All along, Moscow was betting that it could use the S-300 as a means of increasing its influence in the region. This was typical of the Kremlin’s active foreign policy in 2005, when the country was “getting up off its knees” amid sky-high oil prices. It was marked by a broad opposition to the United States to settle scores with Washington for its support of color revolutions in other former Soviet republics. Russia chose the Middle East as a fitting arena for that standoff — a region where it would renew special relationships with radical regimes first cultivated by Soviet leaders and later neglected under former President Boris Yeltsin. Recall that in April 2005 then-President Vladimir Putin visited Egypt, Israel and the Palestinian territories. He caused a scandal by informing the Israelis of his plan to renew military cooperation with Syria, including the delivery of an air defense missile system. Moreover, Russian offensive missiles ended up in the hands of Lebanese Hezbollah extremists, some of which rained down on Israelis in the war with Hezbollah in summer 2006.

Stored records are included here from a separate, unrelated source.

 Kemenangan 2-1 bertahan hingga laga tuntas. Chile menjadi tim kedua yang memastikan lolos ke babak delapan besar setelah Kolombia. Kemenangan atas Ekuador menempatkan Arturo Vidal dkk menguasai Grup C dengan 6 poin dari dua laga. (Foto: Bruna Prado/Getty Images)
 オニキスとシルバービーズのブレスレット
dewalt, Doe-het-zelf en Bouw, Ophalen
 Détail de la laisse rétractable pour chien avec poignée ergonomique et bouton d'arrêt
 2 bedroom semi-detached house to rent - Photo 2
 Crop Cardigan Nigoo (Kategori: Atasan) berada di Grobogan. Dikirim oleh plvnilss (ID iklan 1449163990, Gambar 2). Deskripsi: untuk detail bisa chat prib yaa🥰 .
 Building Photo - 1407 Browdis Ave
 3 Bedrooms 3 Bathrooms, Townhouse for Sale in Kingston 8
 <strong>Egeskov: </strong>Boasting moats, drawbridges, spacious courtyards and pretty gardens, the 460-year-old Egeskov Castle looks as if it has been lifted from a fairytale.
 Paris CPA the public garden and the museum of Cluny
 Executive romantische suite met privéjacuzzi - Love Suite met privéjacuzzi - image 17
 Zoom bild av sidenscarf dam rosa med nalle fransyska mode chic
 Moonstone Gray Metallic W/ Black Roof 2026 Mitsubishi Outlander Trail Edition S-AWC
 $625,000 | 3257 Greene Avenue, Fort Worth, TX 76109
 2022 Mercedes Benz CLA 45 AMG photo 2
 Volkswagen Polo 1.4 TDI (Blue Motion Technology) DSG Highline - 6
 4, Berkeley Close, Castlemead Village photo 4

The international political situation has changed ever since the administration of U.S. President Barack Obama “reset” relations with Moscow by canceling plans for deploying elements of its missile batteries in Central Europe. Russia’s response has been to step up its cooperation in the six-party talks, consisting of the five permanent members of the United Nations Security Council and Germany, over the question of Iran. Judging by the Foreign Ministry’s latest statements that unequivocally condemn Tehran’s rejection of a compromise with the IAEA and the Group of Six nations, Moscow’s political position is now in line with most of the world community. This would explain why Tehran is so upset with Moscow.
In practical terms, however, Moscow is trying to establish an intermediary role between Iran and the West. That was one of the political goals of Energy Minister Sergei Shmatko’s when he visited Tehran recently. Shmatko signed several strategic cooperation projects between Moscow and Tehran, especially in the oil and gas sector. He also clearly went out of his way to avoid the prickly question of the undelivered S-300 system.
But Moscow has not remained completely silent on this issue. One high-ranking official attempted to explain to the Iranian side the reason for the delay in delivery. His rather peculiar reasoning was that by withholding the weapon system, Russia was forestalling Israel’s inevitable strike against facilities in Iran. This shows that Moscow understands the importance of the problem and that its actions can influence whether there will be peace or war in the Persian Gulf. It is anybody’s guess as to how Russia will extricate itself from the trap of its December 2005 agreement with Iran.
The real question is how Russia will preserve political solidarity with the Group of Six states while simultaneously retaining Tehran’s trust? In all likelihood, Moscow does not have a solution for this conundrum other than to rely on a lot of luck.
Alexander Shumilin is the director of Center for the Analysis of Middle East Conflicts with the Institute for U.S. and Canadian Studies at the Russian Academy of Sciences.